Lee's revolutionary roots were even more distinguished. He could trace his family back to Anne Hutchinson and John Cotton. Hutchinson was the Puritan woman who dared to contradict the Puritan ministers of the Massachusetts Bay Colony in 1636. Cotton was the minister who inspired her to do so. The freethinking Hutchinson was fed up with her Puritan leaders' draconian work ethic. The settlers no longer had to be strictly obedient to the British crown, but in those early years the Puritans demanded ever-greater obedience from their followers. Hutchinson was tired of taking orders. Inspired by Cotton's sermons, she argued publicly that salvation could not be achieved through good works alone but turned on the acceptance of grace, a personal conversion that had absolutely nothing to do with the church hierarchy of the Puritans. She was exiled for her belief—truly radical in her day—that religious salvation came hand in hand with political and personal freedom.
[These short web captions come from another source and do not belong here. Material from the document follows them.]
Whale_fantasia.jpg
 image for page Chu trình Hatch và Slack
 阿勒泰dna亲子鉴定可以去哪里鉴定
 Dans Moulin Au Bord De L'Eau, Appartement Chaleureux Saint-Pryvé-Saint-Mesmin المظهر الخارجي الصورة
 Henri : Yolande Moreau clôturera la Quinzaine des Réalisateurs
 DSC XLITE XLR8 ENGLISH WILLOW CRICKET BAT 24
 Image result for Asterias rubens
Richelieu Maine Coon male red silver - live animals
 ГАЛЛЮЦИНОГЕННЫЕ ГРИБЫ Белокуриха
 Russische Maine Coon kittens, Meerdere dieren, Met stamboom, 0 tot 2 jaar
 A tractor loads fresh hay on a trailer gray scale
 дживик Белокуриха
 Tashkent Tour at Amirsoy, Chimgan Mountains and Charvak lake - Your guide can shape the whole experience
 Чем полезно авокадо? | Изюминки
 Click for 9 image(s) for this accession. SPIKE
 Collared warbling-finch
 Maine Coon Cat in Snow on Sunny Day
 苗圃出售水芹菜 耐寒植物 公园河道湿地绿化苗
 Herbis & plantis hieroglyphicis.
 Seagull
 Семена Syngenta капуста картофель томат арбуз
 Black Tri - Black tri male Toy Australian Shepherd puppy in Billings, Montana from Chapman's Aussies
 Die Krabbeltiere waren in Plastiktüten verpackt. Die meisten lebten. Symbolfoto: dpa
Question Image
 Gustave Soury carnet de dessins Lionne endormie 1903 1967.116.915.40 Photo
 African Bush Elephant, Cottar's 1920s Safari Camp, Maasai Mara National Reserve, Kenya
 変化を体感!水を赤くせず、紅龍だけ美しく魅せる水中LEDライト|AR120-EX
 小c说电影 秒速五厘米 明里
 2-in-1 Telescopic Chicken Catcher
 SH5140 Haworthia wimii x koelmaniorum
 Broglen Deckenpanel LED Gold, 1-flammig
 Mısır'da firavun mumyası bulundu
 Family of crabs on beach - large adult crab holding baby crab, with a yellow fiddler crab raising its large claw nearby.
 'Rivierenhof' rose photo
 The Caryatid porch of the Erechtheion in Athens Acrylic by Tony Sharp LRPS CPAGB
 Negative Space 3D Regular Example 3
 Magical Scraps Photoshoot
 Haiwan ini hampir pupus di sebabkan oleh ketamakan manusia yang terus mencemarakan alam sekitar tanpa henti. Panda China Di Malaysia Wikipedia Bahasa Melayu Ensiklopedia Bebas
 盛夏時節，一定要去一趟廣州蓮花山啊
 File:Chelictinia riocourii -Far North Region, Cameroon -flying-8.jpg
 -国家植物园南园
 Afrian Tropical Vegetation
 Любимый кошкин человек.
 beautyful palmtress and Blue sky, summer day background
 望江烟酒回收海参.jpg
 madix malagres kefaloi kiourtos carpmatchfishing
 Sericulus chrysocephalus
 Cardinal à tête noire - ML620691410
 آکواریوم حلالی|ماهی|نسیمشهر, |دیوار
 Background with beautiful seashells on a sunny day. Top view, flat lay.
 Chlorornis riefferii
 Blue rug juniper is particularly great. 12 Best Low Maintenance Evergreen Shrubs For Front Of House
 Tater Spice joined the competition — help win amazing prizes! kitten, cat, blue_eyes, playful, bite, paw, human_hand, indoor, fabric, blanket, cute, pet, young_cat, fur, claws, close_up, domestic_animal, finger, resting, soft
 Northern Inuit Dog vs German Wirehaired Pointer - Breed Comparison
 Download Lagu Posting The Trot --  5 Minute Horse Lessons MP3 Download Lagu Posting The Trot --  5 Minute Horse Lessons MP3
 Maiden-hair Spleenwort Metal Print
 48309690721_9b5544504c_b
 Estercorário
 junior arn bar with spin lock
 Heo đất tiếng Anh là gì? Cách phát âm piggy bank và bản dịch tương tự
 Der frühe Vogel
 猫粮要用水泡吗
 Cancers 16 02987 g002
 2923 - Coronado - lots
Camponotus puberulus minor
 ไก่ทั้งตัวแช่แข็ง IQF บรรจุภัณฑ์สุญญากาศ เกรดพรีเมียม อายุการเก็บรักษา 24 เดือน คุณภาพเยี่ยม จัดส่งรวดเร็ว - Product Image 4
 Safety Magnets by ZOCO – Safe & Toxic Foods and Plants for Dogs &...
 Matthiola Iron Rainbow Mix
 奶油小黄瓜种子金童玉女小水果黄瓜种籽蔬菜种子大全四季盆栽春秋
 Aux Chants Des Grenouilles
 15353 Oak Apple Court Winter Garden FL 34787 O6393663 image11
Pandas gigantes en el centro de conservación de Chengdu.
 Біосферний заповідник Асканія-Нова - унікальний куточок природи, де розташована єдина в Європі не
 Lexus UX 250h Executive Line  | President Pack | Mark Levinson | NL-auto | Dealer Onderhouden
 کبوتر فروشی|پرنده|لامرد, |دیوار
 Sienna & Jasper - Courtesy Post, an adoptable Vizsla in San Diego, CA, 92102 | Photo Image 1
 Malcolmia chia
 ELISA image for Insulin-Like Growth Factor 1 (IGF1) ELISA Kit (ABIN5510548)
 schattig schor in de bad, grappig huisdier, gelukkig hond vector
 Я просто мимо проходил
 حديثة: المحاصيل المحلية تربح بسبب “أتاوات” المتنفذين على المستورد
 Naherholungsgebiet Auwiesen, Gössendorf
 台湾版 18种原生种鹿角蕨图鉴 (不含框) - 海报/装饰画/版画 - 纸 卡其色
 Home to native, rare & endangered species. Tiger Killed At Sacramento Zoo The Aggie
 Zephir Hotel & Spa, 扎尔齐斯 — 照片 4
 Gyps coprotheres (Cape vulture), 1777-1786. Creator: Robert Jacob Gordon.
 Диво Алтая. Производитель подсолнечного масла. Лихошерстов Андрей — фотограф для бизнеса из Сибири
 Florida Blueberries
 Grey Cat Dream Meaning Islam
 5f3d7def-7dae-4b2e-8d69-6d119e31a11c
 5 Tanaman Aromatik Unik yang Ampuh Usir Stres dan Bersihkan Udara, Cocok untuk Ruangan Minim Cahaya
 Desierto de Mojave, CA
Her ideas percolated through the next five generations of American thinkers. Many years after Hutchinson's death, one of her descendants gave birth to Henry Lee's grandfather, Joseph. By this point the Lee family was no longer terribly interested in ideological or theological matters. Their revolution was to be fought not over the Bible, but over economics and politics. Joseph Lee's family was one of the most powerful shipping clans in America at a time when the British colonial taxes were particularly onerous. On December 16, 1773, Joseph and several hundred of his most zealous buddies decided to dump English tea into Boston Harbor. When the Boston Tea Party led to the Revolution, Lee allowed his merchant ships to be recommissioned as privateering vessels, and the Beverly Privateers of the American Revolution were born.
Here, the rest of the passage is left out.